The band remain equally as politically-driven in their plans for future projects. While beyond the repetitive cycle of touring and promotions that fall in hand with a new record, Nokes retains this hopeful buoyancy as she expresses the band’s future with the same notion of hope for change, and a better world that gushes through the record. "With the next set of elections starting to ramp up again, it feels good to get out there. We want people at our shows to get registered to vote and we want to get words out. I’m sure the closer we get to the next election we will get more scope to lend a hand, as a band that has a certain kind of platform. We want to be motivating people to be doing the right thing."

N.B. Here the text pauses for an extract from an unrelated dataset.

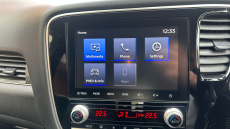 Mitsubishi Outlander 2.4 PHEV Dynamic Safety 5dr Auto Estate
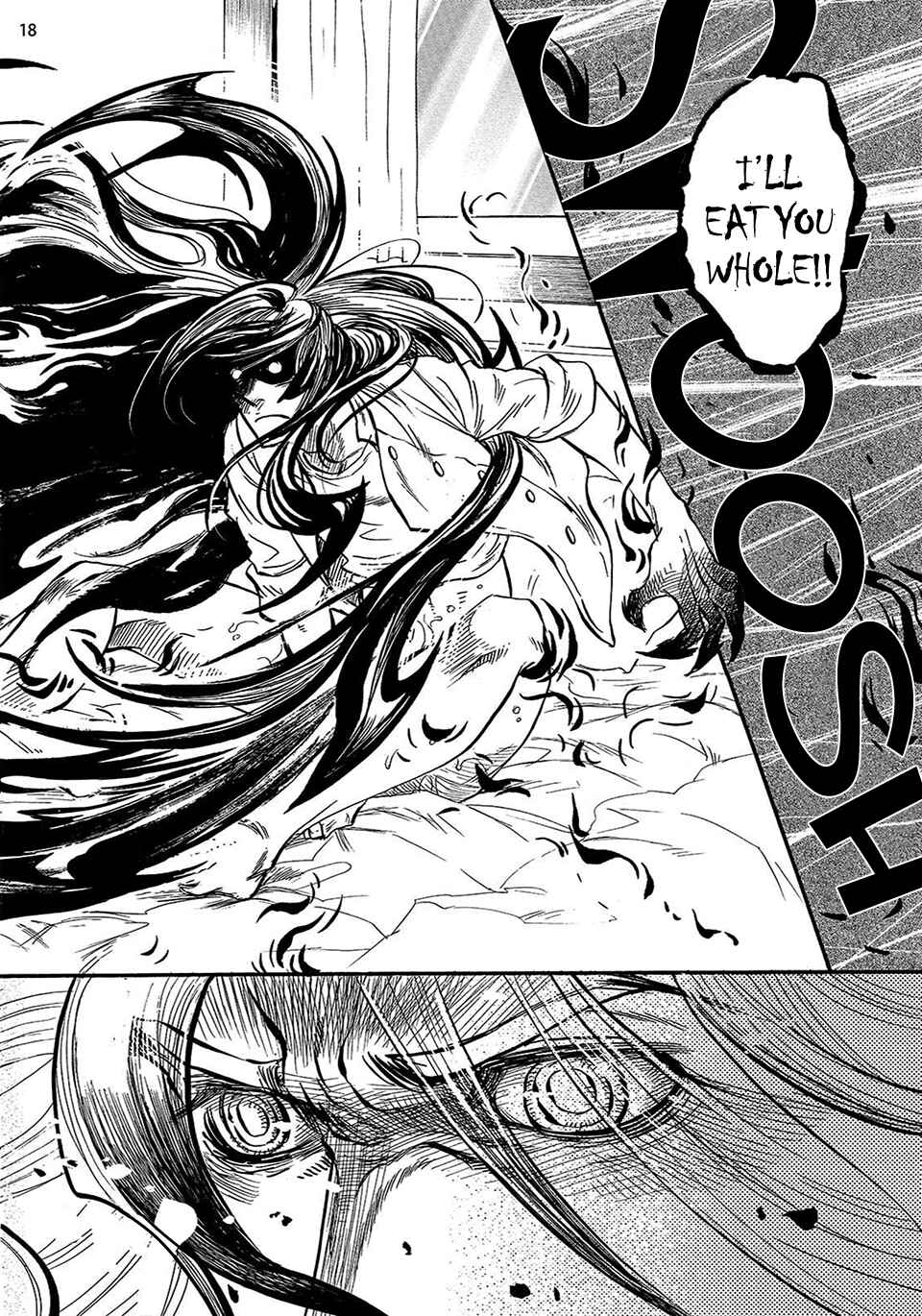 Page 20 Chapter 3 Kataware Zuki, Renren to Shite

This Mess Is a Place proves the legacy of the riot grrrl movement, as it embodies Tacocat’s fearless 'Fuck It' attitude, intertwined with poetic socio-political critique of freeform inspiration, alongside their congenial love for friendship, community and happiness. For Nokes, especially, there lies an intention for the record to instil positivity in whoever it finds. "I’d like people to take away a sense of strength and perseverance, the idea of just keeping on. Anger is valid, and sadness is very valid too, but I wanted the album to just feel like you’re allowed to still find happiness and look after yourself while you’re fighting for things that you hold dear."